Aim of the task
From the records below, copy every line that contains the word "пробегом".

Task inputs
────────

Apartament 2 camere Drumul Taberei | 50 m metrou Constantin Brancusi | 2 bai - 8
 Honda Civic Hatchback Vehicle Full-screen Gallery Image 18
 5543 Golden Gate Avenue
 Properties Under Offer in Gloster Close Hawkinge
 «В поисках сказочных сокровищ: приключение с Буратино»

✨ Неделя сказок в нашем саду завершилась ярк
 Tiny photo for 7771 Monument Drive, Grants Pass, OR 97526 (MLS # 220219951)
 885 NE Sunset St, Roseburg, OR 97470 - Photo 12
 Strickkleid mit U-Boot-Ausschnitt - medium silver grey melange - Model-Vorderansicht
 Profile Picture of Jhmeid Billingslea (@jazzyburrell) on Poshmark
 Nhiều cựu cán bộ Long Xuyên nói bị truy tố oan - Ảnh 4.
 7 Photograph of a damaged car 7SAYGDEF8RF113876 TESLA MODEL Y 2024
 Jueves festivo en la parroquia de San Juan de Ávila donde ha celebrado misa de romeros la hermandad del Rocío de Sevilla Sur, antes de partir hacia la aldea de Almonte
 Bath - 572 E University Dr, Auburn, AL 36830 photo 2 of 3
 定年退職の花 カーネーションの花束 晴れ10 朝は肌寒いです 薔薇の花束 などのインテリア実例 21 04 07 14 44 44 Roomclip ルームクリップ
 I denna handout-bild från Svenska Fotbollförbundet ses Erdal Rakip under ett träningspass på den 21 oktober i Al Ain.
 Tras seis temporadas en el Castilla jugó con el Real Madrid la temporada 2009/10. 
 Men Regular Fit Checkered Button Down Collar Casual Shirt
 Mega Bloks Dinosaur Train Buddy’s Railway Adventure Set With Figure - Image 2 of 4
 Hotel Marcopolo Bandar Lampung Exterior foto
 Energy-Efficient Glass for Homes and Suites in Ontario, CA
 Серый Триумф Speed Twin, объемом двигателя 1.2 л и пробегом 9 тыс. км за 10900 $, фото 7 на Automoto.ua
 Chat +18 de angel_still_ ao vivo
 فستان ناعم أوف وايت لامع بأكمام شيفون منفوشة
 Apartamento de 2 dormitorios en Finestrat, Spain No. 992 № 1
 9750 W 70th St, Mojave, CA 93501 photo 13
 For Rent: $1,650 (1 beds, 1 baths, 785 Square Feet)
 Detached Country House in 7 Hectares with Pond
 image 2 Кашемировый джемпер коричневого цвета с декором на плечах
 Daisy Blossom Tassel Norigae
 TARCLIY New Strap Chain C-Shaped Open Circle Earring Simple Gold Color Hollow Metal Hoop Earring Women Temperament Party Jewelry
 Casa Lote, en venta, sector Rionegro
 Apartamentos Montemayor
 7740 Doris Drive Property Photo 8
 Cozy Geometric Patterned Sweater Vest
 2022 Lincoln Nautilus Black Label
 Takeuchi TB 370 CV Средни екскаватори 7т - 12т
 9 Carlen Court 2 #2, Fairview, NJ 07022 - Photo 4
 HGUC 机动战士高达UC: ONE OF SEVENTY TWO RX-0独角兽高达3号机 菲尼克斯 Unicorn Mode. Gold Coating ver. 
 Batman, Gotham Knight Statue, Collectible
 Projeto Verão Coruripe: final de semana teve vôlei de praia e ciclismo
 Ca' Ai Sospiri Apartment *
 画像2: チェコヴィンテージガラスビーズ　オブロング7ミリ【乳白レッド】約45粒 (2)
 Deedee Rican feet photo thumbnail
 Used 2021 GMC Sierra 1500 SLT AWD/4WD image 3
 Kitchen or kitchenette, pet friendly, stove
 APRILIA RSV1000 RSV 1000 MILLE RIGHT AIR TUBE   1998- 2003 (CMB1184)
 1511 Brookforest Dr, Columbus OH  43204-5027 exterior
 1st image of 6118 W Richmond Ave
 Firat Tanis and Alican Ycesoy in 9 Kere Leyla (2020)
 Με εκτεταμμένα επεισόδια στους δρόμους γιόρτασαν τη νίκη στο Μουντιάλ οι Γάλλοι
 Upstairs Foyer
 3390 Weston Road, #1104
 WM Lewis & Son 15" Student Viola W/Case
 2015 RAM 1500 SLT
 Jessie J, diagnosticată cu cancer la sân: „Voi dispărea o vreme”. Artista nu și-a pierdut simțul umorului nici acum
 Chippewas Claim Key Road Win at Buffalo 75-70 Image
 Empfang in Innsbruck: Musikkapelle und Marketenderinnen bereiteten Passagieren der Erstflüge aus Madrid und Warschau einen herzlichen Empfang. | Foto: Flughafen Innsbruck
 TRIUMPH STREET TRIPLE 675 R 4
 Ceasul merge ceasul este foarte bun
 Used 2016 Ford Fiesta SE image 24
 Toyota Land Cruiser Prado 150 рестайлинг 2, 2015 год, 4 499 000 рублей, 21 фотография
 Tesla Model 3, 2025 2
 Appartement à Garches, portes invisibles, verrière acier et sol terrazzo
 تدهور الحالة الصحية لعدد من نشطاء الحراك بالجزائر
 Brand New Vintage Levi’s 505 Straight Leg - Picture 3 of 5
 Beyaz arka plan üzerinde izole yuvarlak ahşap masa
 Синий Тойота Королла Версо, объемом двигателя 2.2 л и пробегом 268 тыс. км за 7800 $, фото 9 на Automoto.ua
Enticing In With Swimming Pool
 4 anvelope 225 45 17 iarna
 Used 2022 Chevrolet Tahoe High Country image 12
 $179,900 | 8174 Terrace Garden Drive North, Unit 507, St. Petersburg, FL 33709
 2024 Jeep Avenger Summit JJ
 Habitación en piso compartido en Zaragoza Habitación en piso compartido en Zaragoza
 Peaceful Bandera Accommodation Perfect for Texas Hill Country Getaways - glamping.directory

────────

Completed task
 Серый Триумф Speed Twin, объемом двигателя 1.2 л и пробегом 9 тыс. км за 10900 $, фото 7 на Automoto.ua
 Синий Тойота Королла Версо, объемом двигателя 2.2 л и пробегом 268 тыс. км за 7800 $, фото 9 на Automoto.ua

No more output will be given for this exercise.